Having a newborn is like trying to catch clouds. The days turn into weeks in a slow-motion-but-way-too-fast kind of a way and I find myself begging him to stay little. Will turns two weeks old on Wednesday and already my last week of pregnancy seems lifetimes ago. I can't really remember life without him - though, to be fair, I can't really remember anything lately. Sleep deprivation? Glorious newborn sleep deprivation?
Steven and I were talking about how when Gage was born, our world just completely turned upside down. We had no idea what the heck we were doing. It was an adjustment, to say the least. Not to say we didn't absolutely love being parents - the 900 photos I took of Gage's face in his first week of life are proof that I couldn't get enough of him. Maybe it's that we've done it twice now, but the adjustments to having a new baby this time around have been minimal. I'm tired, yes, but in the very best way.
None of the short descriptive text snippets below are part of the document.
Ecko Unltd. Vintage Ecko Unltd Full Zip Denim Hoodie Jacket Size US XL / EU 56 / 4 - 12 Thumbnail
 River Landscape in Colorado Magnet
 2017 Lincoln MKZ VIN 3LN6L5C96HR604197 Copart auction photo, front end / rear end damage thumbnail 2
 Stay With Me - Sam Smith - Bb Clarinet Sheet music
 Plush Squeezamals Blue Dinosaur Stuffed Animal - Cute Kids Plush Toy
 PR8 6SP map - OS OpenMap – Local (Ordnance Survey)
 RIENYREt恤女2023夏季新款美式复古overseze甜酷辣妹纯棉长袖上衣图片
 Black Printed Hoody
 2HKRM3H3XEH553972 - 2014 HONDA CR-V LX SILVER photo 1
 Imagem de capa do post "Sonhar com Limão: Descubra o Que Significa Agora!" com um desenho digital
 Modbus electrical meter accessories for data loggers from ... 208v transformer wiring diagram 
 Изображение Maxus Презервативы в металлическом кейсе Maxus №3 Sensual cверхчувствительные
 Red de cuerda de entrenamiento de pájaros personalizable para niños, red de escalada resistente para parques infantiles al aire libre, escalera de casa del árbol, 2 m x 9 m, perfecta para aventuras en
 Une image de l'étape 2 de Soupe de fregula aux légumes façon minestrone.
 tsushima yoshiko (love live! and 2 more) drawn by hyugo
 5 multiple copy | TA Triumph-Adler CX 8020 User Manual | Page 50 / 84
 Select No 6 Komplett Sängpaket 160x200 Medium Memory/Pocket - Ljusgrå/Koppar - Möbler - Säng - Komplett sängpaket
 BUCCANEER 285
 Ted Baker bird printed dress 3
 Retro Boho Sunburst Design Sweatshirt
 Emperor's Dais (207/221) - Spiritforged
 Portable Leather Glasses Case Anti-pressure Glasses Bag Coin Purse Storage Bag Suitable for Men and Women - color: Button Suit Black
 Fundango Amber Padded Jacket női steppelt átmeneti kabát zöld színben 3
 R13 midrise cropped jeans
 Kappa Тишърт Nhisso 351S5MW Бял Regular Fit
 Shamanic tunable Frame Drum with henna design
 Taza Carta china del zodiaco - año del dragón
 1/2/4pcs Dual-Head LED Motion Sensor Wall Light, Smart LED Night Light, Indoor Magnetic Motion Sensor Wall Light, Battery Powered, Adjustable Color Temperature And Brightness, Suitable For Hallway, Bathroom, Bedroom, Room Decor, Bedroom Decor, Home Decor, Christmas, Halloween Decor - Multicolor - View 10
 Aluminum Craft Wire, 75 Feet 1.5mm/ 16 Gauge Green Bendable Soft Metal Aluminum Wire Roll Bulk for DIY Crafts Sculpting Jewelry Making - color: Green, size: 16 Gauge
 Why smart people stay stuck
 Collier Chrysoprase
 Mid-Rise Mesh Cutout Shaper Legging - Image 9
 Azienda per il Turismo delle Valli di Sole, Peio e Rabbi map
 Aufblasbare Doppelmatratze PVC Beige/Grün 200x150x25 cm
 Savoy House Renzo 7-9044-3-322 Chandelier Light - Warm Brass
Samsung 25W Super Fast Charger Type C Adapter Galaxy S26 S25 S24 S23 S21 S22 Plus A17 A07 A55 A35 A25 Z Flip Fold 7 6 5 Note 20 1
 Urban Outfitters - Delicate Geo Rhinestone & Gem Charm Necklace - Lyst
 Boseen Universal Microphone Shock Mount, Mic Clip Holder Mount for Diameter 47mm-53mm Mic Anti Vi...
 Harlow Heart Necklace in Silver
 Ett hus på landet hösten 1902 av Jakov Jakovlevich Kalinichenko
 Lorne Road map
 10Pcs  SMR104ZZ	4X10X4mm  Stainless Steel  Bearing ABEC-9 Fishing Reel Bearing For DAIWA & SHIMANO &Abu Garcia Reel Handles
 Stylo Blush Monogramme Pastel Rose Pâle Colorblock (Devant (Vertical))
I'm proud of my body. The first few days were, of course, fairly rough on the ol' cuerpo, but I feel like I'm - maybe not bouncing - but jiggling? back in good time. Still in pajama pants every day, let's not get ahead of ourselves. But I'm trying to stop focusing so much on the number on the scale and celebrate this body of mine that grew a human and an extra organ (did you know that placenta is considered an organ?) and then ejected both without disastrous consequences. And I mean, I can sleep on my stomach now. Let's talk about that!
Anyway, point in all of this is to record for little Will-debeast that life is good with him around.
Will sleeps in his swing most of the day. He prefers to lay on a blanket on the floor during his awake time and watch Gage and Kjel play. He is a typical newborn with his sleep schedule at night - he'll sleep for periods of one to three hours and then eat and coo and wiggle for about an hour before going back to sleep. I'm still working on getting him back into his swing or crib rather than (out of laziness) keeping him in bed with me.
He is completely unfazed by the noise that his siblings make while he sleeps during the day. In fact, I think it makes him sleep better. He doesn't mind the occasional jab to the eye via KJ, when she approaches, ready to snuggle the life out of him. He and Gage have long talks about robots and Star Wars when I ask Gage to "watch" him (trying to establish some feelings of importance in Gage while so much attention is on the littler siblings).
He's just a solid little dude. He's taken to his place in our family so naturally that it reaffirms to me that he was always supposed to be ours. Someday soon I'll record what day-to-day life is like so that I don't forget the details, but for now, just know that we are content and life is peaceful. Will, you belong here. Thanks for being ours.